Massimiliano Allegri mengungkapkan kekecewaannya atas hasil tersebut. Ia menilai anak asuhnya bermain terlalu terburu-buru dalam menyerang, sehingga banyak peluang yang terbuang sia-sia. Allegri menekankan pentingnya kesabaran saat menghadapi tim yang bermain rapat seperti Genoa.

“Dalam sepak bola, Anda menerima apa pun hasil yang diberikan,” ujar Allegri dikutip dari Football Italia. “Kita harus mengambil hal-hal positif dari pertandingan ini. Mereka sangat bagus dalam menghentikan kami. Kami berada di posisi yang menguntungkan meskipun babak pertama sangat sulit, tetapi kemudian kebobolan gol itu.”

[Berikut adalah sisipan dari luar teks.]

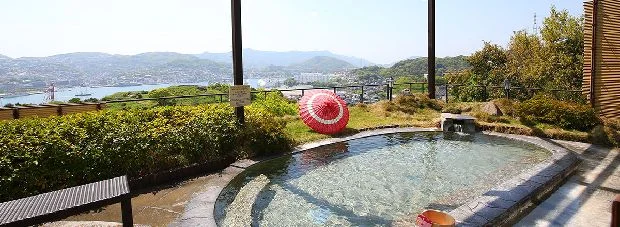 大江戸温泉物語 長崎ホテル清風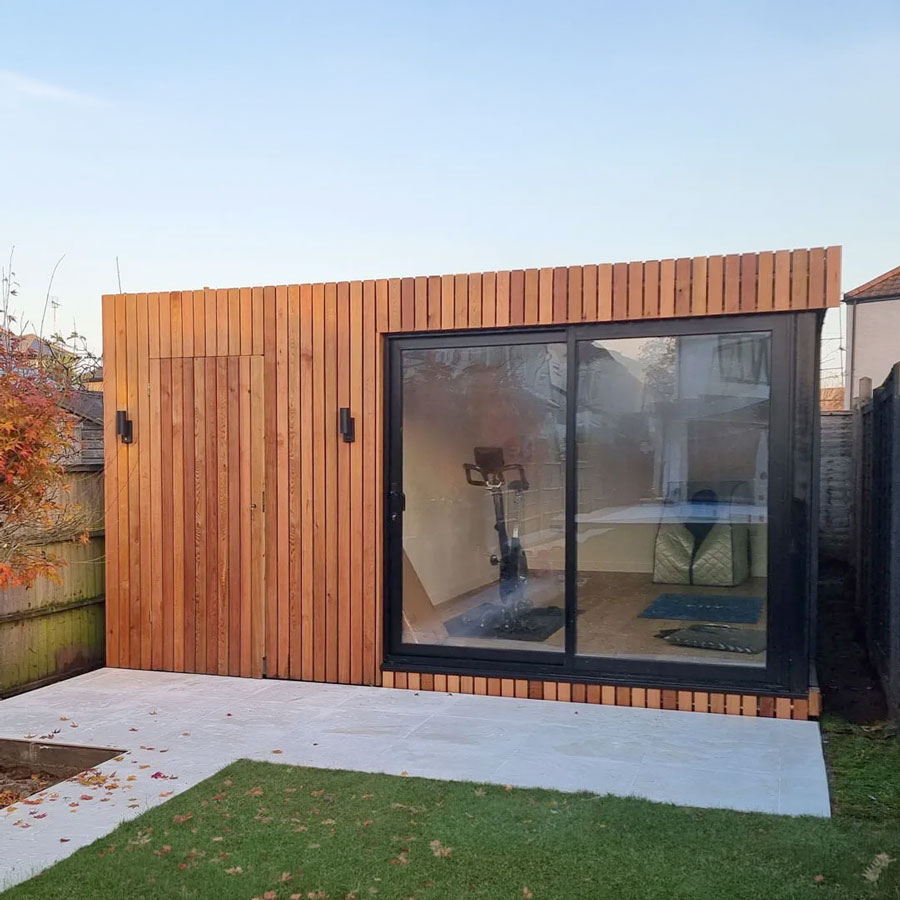 Aluminium Sliding Door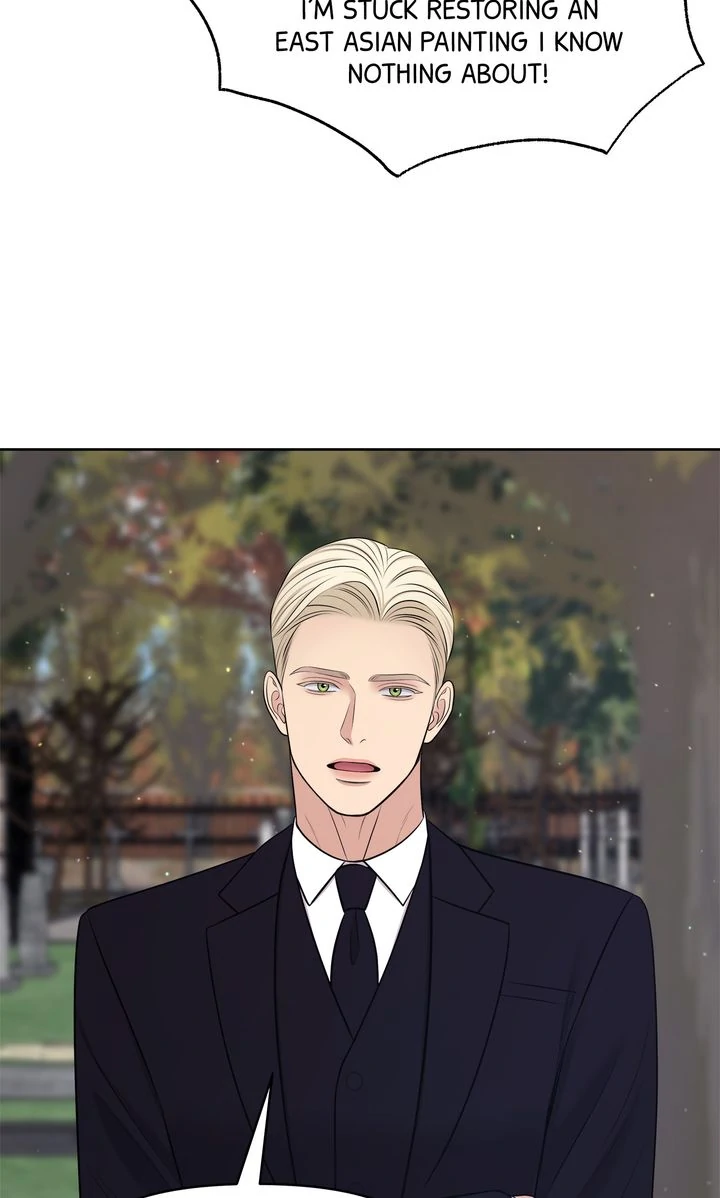 Oil On Canvas [Official][Uncensored] - Chapter 17 manhwa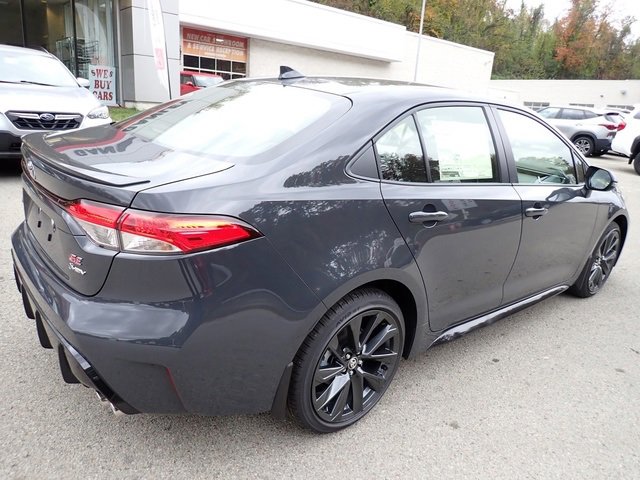 New 2026 Toyota Corolla SE image 3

Allegri menambahkan, “Intensitas mereka menurun di babak kedua, dan kami meningkat. Hal yang harus kami tingkatkan adalah kesabaran kami melawan tim-tim yang bermain bertahan rapat sehingga kami tidak membiarkan diri kami terekspos pada serangan balik, yang berisiko kekalahan dalam pertandingan ini.”

Ia menegaskan bahwa pertandingan ini menjadi pelajaran berharga mengenai kedewasaan tim jika ingin mencapai target finis di empat besar. “Ini adalah pelajaran tentang kedewasaan jika kita ingin mencapai tujuan kita, yaitu finis di empat besar. Kita harus meningkatkan diri. Kami kurang sabar, kami terlalu terburu-buru dan terburu-buru tidak akan membawa ke mana-mana,” pungkasnya.